BNDES libera R$ 2,45 bilhões para produtores rurais afetados por eventos climáticos extremos
BNDES libera R$ 2,45 bilhões para produtores rurais afetados por eventos climáticos extremos
Da redação com informações do Canal Rural
O Banco Nacional de Desenvolvimento Econômico e Social (BNDES) aprovou R$ 2,45 bilhões em operações do programa BNDES Liquidação de Dívidas Rurais apenas no primeiro mês de vigência. A iniciativa, voltada a produtores com perdas de safra decorrentes de eventos climáticos extremos, foi lançada em 16 de outubro e já alcança 485 municípios de 16 estados brasileiros.
Do total liberado, R$ 1,5 bilhão (61%) foi direcionado a agricultores familiares e médios produtores, os mais afetados por quebras de safra.

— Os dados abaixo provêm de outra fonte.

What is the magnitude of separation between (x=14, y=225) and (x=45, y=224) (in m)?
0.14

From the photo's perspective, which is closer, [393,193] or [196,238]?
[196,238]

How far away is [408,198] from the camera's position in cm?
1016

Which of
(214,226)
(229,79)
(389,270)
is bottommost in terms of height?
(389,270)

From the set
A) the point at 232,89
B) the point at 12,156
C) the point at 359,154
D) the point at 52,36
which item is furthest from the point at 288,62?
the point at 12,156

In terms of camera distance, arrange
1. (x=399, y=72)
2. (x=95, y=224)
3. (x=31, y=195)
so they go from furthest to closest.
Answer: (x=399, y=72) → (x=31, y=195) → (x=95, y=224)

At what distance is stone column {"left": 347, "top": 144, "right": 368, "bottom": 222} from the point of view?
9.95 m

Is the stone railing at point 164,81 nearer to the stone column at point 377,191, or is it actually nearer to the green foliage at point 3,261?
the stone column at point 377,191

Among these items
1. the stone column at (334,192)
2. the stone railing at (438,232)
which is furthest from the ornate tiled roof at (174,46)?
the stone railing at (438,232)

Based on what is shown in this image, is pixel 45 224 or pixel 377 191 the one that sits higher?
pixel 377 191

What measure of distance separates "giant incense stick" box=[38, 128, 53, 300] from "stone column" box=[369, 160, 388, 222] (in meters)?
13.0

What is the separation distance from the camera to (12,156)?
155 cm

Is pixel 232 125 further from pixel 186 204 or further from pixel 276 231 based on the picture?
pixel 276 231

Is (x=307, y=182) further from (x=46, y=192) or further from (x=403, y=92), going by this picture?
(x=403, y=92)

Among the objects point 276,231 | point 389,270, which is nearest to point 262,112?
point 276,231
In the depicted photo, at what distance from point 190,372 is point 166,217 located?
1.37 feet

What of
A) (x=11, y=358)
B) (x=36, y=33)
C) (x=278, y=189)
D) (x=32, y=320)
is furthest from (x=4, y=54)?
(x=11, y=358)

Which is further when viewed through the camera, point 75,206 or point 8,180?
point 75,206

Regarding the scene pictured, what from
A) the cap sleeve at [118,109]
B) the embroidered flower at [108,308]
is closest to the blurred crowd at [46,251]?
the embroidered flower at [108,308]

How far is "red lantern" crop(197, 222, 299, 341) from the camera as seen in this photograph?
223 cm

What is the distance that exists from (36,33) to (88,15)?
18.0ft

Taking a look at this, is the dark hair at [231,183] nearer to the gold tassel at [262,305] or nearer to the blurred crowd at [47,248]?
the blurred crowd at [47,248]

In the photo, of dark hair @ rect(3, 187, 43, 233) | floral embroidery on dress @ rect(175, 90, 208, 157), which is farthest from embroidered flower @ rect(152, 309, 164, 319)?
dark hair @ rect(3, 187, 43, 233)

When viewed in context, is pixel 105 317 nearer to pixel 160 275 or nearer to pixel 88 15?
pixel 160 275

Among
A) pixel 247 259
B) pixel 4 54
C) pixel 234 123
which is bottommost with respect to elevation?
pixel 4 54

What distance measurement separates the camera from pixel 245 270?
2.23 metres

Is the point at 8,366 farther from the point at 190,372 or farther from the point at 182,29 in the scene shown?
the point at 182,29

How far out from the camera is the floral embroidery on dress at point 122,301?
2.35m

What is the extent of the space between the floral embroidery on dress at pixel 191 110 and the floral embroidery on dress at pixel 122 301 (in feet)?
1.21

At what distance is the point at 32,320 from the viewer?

Até o momento, foram aprovadas cerca de 8,3 mil operações, com tíquete médio de R$ 296 mil por contrato.
Segundo o presidente do BNDES, Aloizio Mercadante, o programa atende a uma determinação do presidente Luiz Inácio Lula da Silva para garantir condições financeiras aos produtores impactados.
“Estamos assegurando um caminho responsável para que agricultores afetados por eventos climáticos extremos possam retomar a produção. O programa garante fôlego financeiro e fortalece quem sustenta a produção de alimentos e movimenta a economia do país”, afirmou.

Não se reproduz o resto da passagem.